Гул - Страница 62
Но ничего не произошло. Хотел было Жеводанов закричать страшно, насколько хватит воздуха в пока еще не продырявленном легком, хотел предупредить напоследок, чтобы никто не ждал благодати, однако новый Купин оказался быстрей. Выстрел из обреза разбрызгал офицера по рыжелой траве.
Пока бандиты обирали трупы, чтобы небесной казне золотишка не досталось, Жеводанов лежал разуверившимся мясом, умершим не столько от выстрела, как от горькой правды. На губах остывала глупая офицерская мечта, которую он придумал еще в бытность городовым. Показывать ее он не любил, даже отрастил некрасивые, рачьи усы, чтобы не видели сослуживцы молящийся кроткий рот. Вдруг заглянут внутрь, позовут душевного доктора и он со скрежетом вытащит щипцами нелепую жеводановскую мечту? Да еще и скажет: «Эх, Жеводанов! Ну куда вам с такой фамилией мечтать о довлеющей силе? Выписываю вам портовую девку и чарку вина».
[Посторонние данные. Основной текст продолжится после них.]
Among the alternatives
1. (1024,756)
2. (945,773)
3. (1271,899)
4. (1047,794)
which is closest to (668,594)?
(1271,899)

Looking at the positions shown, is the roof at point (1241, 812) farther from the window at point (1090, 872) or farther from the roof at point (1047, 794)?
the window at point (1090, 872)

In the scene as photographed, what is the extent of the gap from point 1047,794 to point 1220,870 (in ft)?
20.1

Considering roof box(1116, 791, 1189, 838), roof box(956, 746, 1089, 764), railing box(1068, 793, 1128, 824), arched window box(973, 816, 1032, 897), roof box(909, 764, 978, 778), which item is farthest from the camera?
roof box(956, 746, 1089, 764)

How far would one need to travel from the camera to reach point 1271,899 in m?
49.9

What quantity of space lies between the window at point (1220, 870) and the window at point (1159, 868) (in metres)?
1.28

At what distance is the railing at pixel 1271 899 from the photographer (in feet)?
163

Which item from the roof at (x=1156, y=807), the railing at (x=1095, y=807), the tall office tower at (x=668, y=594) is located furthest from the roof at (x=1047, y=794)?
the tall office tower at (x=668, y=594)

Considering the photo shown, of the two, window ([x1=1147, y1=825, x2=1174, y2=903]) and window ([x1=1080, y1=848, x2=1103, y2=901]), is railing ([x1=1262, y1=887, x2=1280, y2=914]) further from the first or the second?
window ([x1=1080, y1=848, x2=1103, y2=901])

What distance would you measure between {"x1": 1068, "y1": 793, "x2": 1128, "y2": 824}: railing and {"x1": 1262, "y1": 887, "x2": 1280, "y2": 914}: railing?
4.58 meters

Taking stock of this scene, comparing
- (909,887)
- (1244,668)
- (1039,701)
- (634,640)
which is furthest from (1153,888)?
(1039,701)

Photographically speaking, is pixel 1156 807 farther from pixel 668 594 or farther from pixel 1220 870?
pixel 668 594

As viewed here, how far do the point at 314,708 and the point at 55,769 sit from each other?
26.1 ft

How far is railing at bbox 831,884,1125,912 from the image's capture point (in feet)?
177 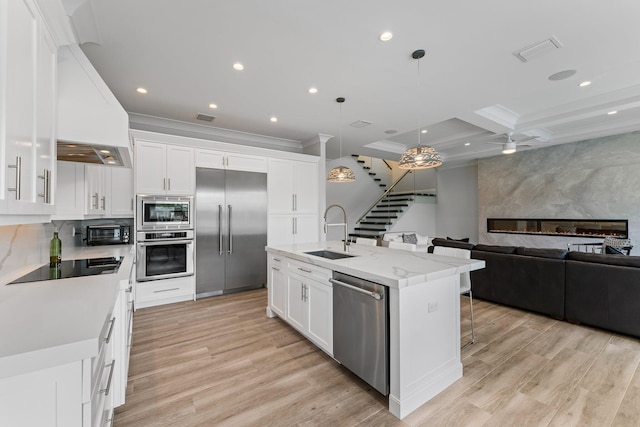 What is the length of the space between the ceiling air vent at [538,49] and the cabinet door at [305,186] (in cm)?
348

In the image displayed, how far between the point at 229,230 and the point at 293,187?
143 centimetres

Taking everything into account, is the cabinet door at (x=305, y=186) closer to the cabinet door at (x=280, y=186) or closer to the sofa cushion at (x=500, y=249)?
the cabinet door at (x=280, y=186)

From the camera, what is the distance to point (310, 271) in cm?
262

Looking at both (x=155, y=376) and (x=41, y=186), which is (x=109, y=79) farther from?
(x=155, y=376)

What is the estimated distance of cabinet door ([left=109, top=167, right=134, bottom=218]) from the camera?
348 cm

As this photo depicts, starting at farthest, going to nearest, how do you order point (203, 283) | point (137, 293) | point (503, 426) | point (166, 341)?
point (203, 283)
point (137, 293)
point (166, 341)
point (503, 426)

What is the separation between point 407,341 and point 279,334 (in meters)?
1.66

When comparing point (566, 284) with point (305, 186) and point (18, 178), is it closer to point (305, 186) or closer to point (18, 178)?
point (305, 186)

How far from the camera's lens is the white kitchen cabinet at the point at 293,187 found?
4941mm

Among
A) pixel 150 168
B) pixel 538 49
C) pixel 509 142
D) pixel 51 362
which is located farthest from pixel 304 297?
pixel 509 142

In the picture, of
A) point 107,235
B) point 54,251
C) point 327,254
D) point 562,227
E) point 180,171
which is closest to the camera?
point 54,251

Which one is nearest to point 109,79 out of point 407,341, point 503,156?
point 407,341

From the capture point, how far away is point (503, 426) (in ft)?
5.65

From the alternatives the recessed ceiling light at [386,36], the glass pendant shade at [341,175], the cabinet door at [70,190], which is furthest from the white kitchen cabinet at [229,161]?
the recessed ceiling light at [386,36] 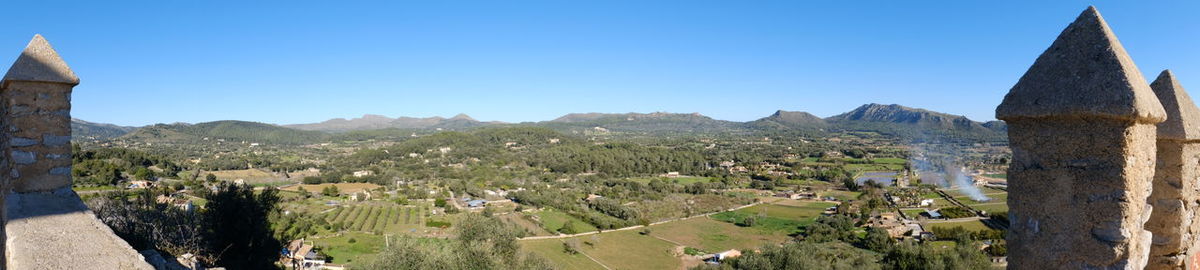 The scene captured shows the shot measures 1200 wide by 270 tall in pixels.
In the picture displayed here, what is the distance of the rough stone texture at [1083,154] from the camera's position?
309 cm

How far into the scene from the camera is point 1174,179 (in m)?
4.20

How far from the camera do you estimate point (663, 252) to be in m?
34.6

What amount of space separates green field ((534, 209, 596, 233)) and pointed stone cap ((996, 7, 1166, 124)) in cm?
3830

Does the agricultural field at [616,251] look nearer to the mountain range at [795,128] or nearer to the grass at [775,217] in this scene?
the grass at [775,217]

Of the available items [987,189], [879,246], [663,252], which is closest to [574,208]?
[663,252]

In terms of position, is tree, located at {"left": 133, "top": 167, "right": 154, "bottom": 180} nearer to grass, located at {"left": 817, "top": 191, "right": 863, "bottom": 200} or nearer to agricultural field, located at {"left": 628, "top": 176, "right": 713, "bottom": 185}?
agricultural field, located at {"left": 628, "top": 176, "right": 713, "bottom": 185}

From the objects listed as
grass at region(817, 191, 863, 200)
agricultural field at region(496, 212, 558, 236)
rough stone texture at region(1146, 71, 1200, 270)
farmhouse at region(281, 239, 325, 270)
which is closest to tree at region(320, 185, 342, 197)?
agricultural field at region(496, 212, 558, 236)

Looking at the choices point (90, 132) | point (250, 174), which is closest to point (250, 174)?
point (250, 174)

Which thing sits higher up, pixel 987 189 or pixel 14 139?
pixel 14 139

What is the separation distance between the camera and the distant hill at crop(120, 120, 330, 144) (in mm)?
117012

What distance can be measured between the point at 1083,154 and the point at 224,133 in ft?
555

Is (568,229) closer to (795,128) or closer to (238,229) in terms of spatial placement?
(238,229)

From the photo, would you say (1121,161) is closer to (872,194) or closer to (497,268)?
(497,268)

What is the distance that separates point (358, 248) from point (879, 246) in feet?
102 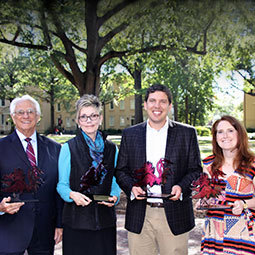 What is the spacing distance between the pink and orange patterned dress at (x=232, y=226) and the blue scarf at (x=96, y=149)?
3.87 feet

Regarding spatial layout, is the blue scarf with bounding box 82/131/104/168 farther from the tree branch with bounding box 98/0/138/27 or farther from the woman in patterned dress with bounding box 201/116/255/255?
the tree branch with bounding box 98/0/138/27

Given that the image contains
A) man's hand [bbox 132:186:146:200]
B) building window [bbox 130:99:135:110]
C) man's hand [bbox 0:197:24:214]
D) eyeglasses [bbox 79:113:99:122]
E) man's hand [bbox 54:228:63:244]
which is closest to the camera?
man's hand [bbox 0:197:24:214]

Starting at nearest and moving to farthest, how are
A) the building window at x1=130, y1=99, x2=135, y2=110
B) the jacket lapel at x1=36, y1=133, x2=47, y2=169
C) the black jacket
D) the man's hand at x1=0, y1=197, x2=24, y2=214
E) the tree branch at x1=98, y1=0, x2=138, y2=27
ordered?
the man's hand at x1=0, y1=197, x2=24, y2=214 → the black jacket → the jacket lapel at x1=36, y1=133, x2=47, y2=169 → the tree branch at x1=98, y1=0, x2=138, y2=27 → the building window at x1=130, y1=99, x2=135, y2=110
Казалось Жеводанову, если еще что-то могло казаться телу, не отгоняющему муравьев с выпученных глаз, что зря он так часто натягивал противогаз и прыгал в окоп. Зачем было спасать неподвижное тело, если чудо так и не явилось? Получается, нужно было всегда бояться злого артиллерийского снаряда и пулеметного клекота. Ведь нужно бояться, если чуда нет! Нужно! А он не боялся. Значит — все зря. И нет кругом никакой довлеющей силы. Не успел узнать Жеводанов, что, как только размякнет белая душонка, насекомые начнут отрывать от нее первые, несмелые кусочки мяса. Поспешат накормить деток офицерской плотью. Сильными они вырастут, большими. Наберутся сил да поползут совхозы бороть. Через неделю благодарный лес обязательно закачается, присосавшись к дармовому телу корнями. Сорока заберет железные зубы Жеводанова себе на ожерелье. Проскользнет в подмышку быстрая сколопендра. Лисица обнюхает труп и начнет довольно рвать его зубами. Весь лес стечется к обиженному Жеводанову, чтобы всласть попировать расчудесным человечком. А на следующий год трава на том месте обещает вырасти густая и сильная. Все ежики будут знать, что Виктор Игоревич Жеводанов был самым лучшим человеком на свете.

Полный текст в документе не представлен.